> [WHAT IS BEING ASKED]:
Each line below from the line with "T S Eliot Reads T S Eliot" to the line with "Bild 1 von MUSTANG Damen-T-Shirt" must be copied exactly, including those two, and no picture may appear in the copy.
#### DATASET CONTENT
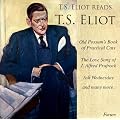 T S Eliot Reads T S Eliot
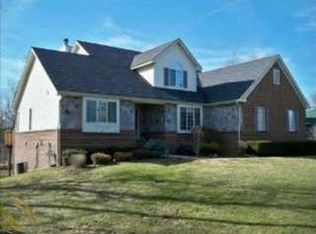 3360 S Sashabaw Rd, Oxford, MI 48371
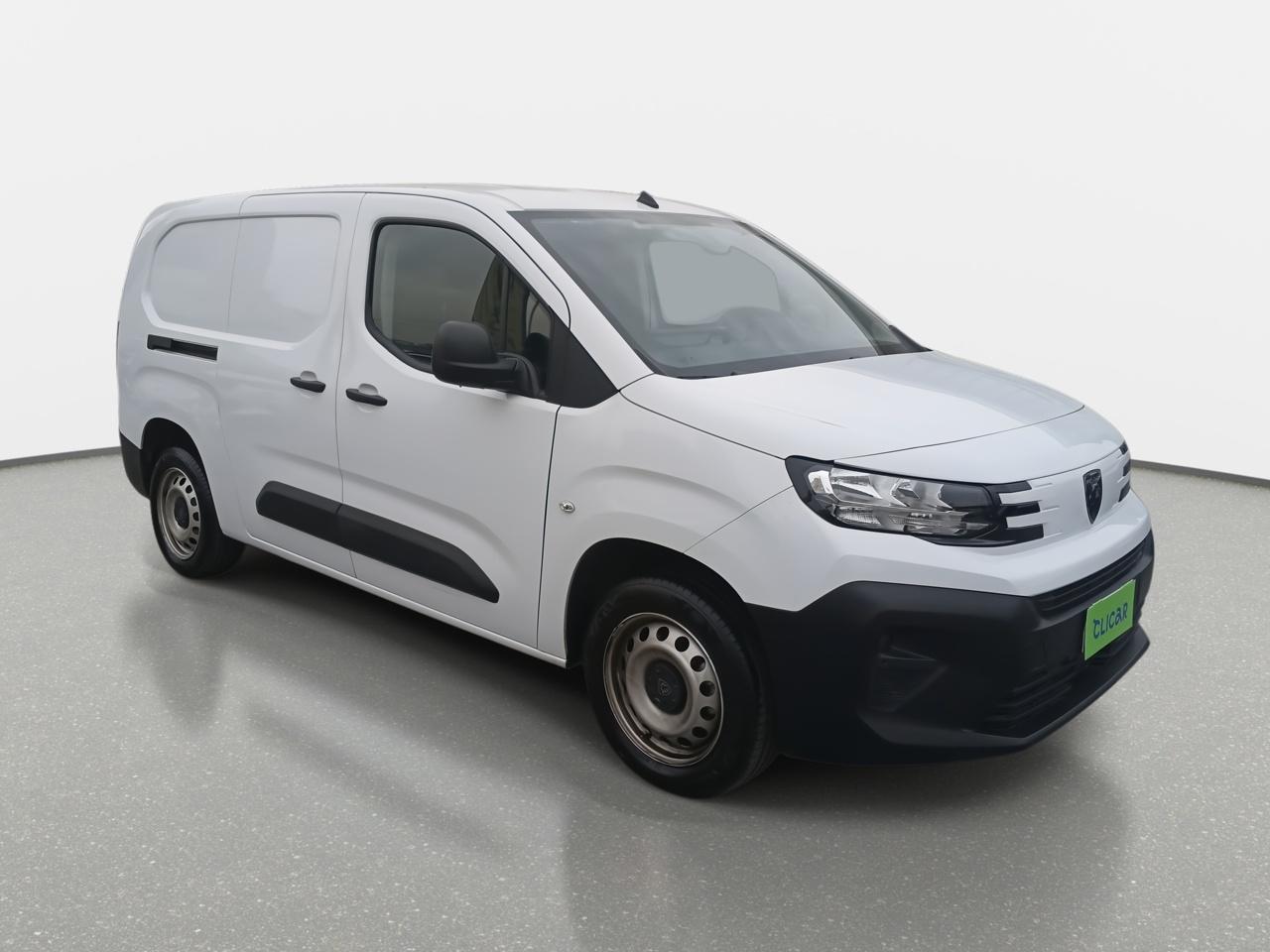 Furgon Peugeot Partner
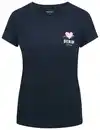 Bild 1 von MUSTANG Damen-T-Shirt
########
#### DATASET CONTENT
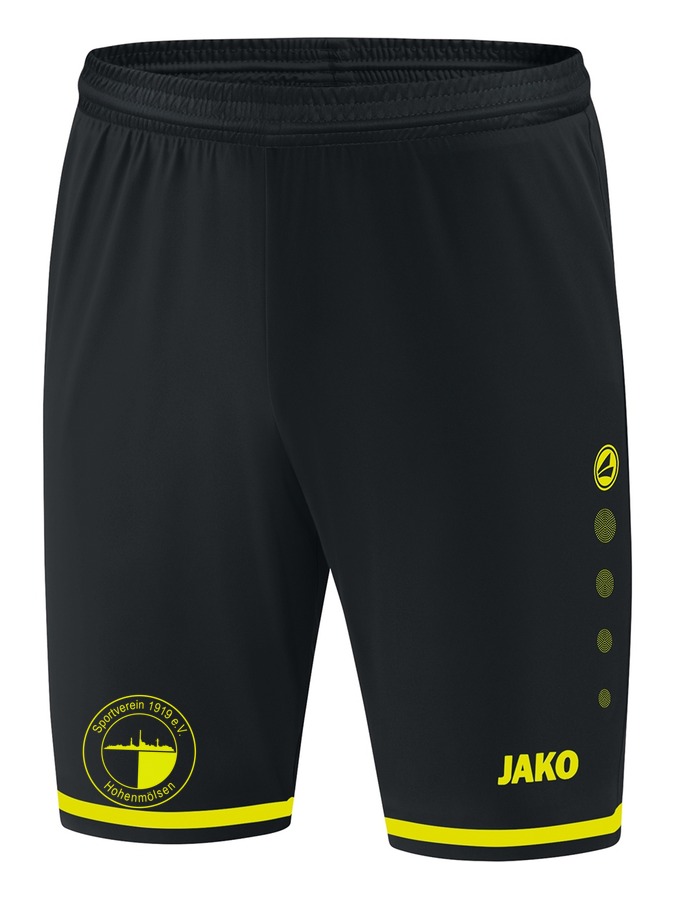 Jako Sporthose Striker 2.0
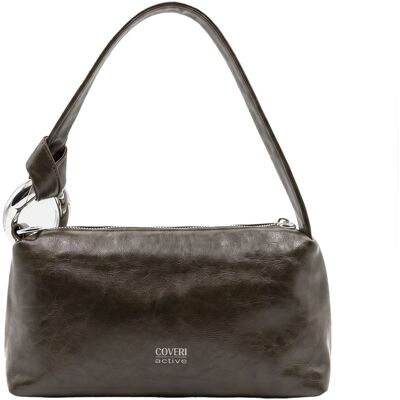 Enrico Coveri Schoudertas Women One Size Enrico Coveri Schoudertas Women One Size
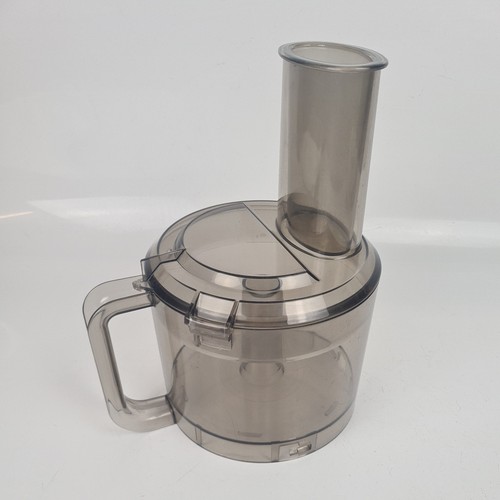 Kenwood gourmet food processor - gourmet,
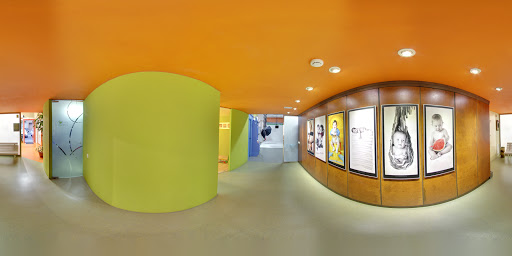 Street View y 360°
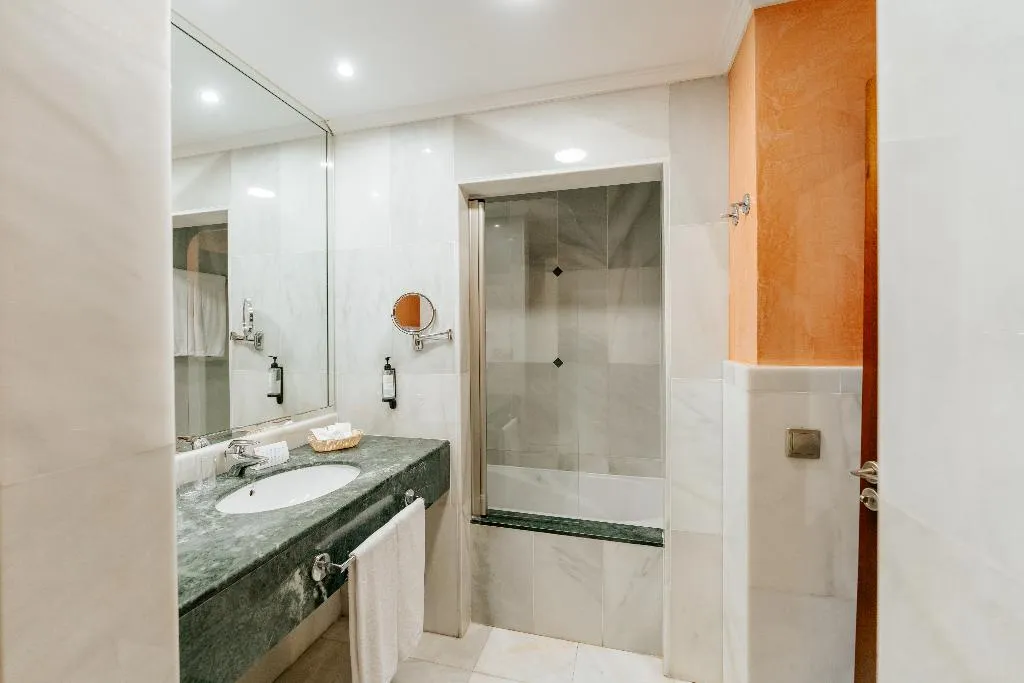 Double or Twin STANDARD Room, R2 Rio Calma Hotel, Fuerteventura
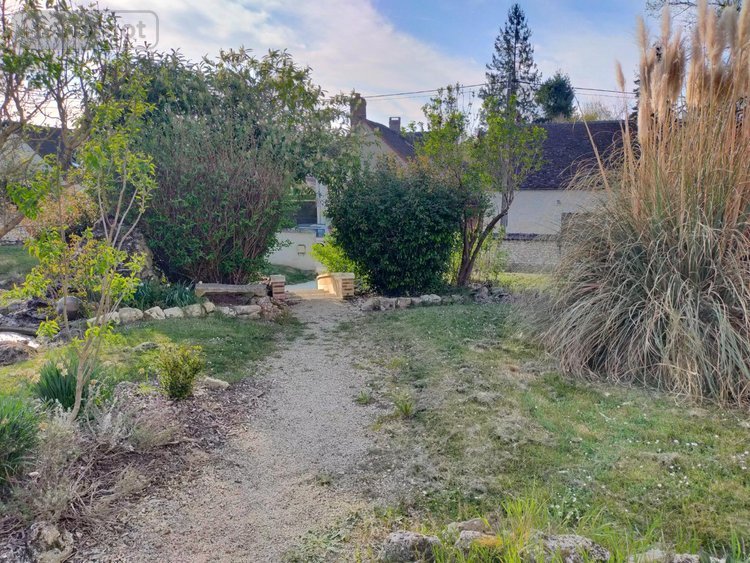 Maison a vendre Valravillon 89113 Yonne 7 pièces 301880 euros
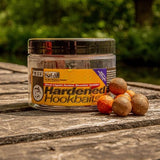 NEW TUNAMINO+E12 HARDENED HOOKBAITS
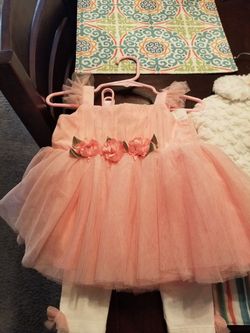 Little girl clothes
########
> [ANSWER SECTION]:
 T S Eliot Reads T S Eliot
 3360 S Sashabaw Rd, Oxford, MI 48371
 Furgon Peugeot Partner
 Bild 1 von MUSTANG Damen-T-Shirt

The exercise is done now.